▸ DATA BLOCK
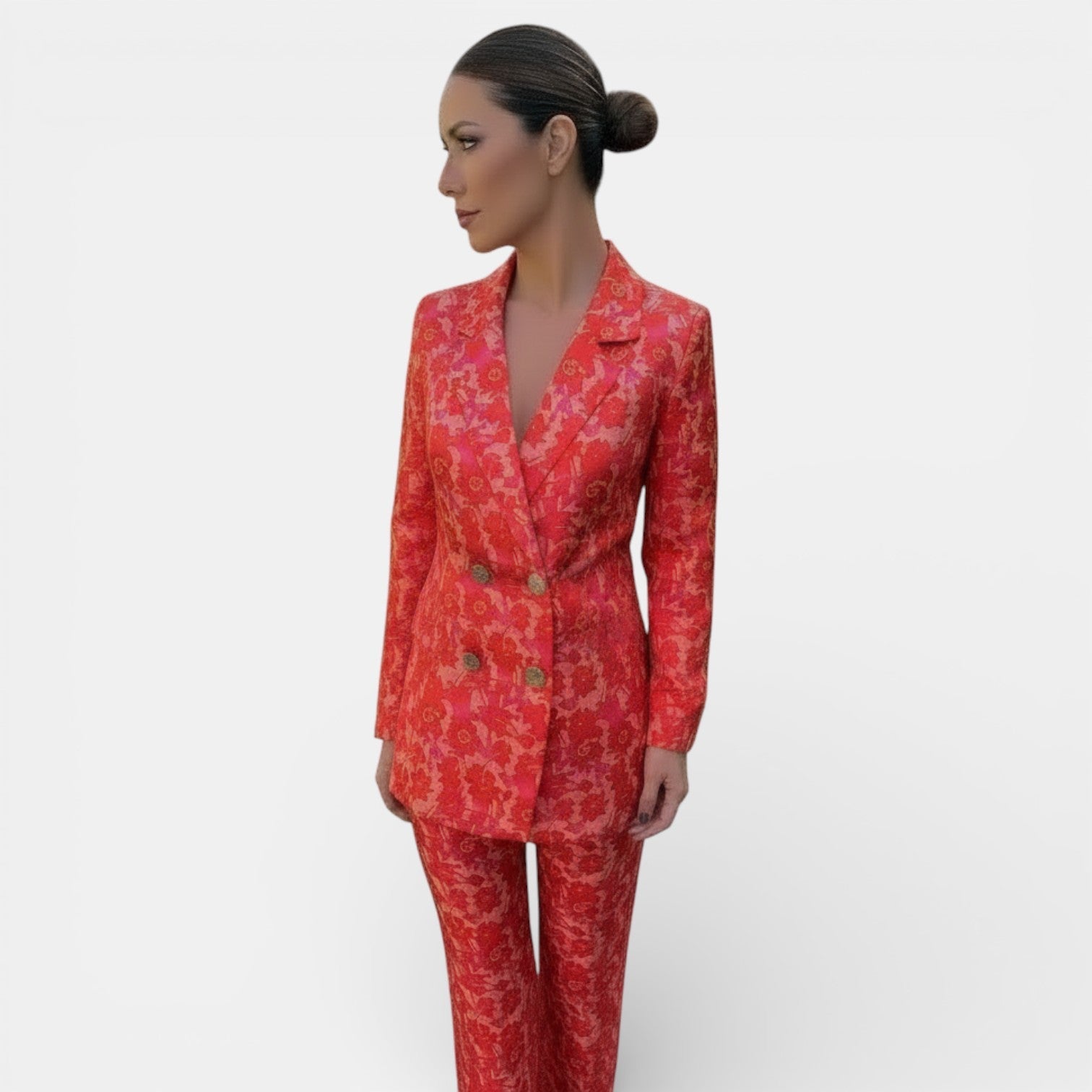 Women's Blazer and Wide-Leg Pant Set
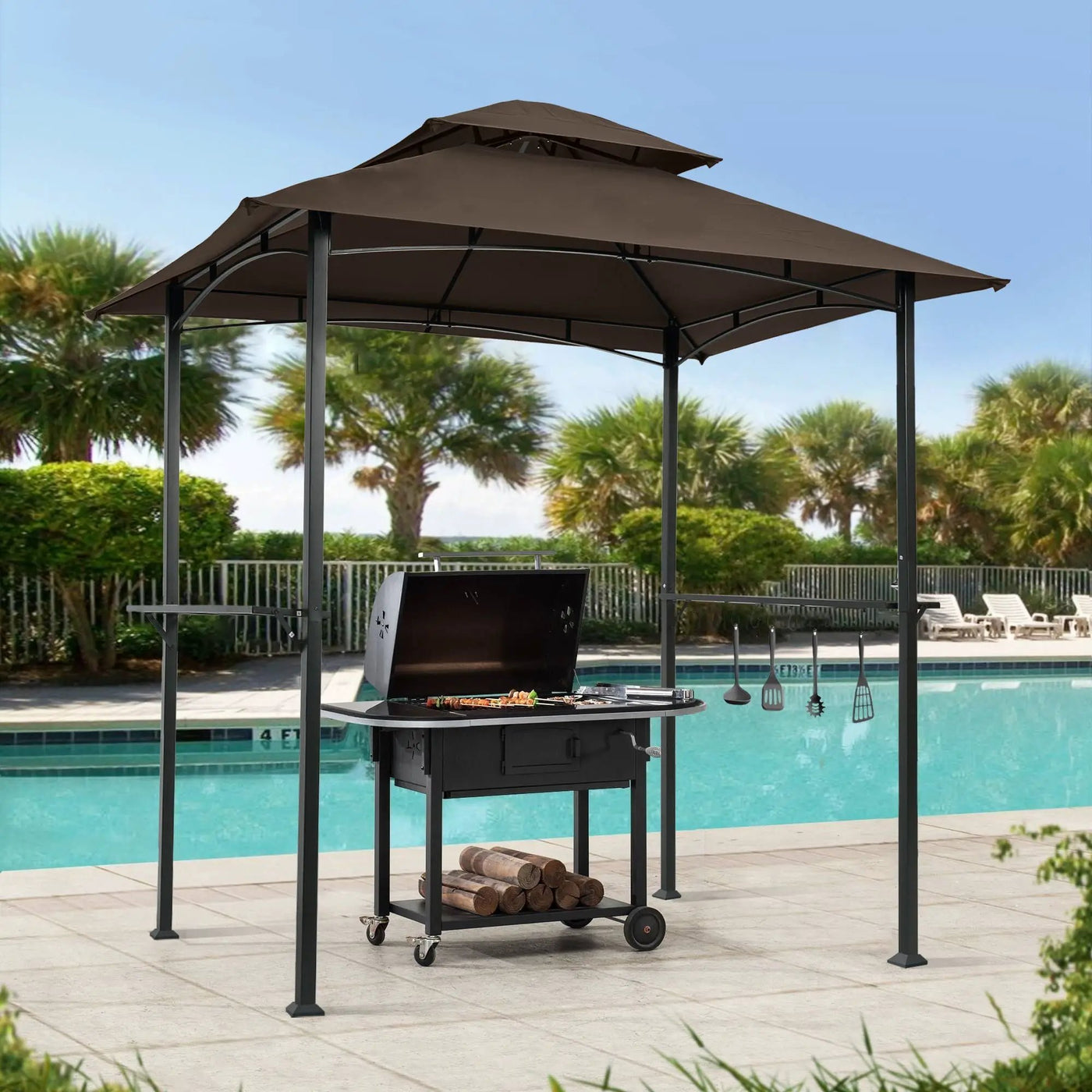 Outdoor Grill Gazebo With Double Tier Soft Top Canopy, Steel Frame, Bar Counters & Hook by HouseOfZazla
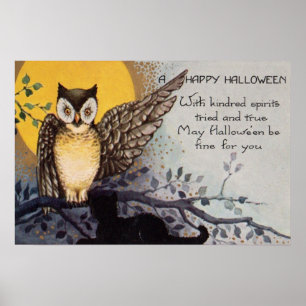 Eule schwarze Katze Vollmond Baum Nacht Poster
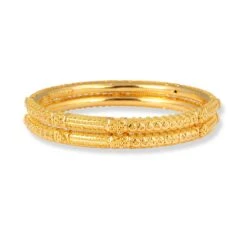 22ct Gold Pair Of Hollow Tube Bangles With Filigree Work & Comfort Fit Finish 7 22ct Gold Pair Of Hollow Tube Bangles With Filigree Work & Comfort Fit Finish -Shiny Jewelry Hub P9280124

▸ WHAT YOU WILL DO
The result should be the full material above, word for word, with its pictures omitted.

▸ RESULT FOR THIS EXERCISE
 Women's Blazer and Wide-Leg Pant Set
 Outdoor Grill Gazebo With Double Tier Soft Top Canopy, Steel Frame, Bar Counters & Hook by HouseOfZazla
 Eule schwarze Katze Vollmond Baum Nacht Poster
 22ct Gold Pair Of Hollow Tube Bangles With Filigree Work & Comfort Fit Finish 7 22ct Gold Pair Of Hollow Tube Bangles With Filigree Work & Comfort Fit Finish -Shiny Jewelry Hub P9280124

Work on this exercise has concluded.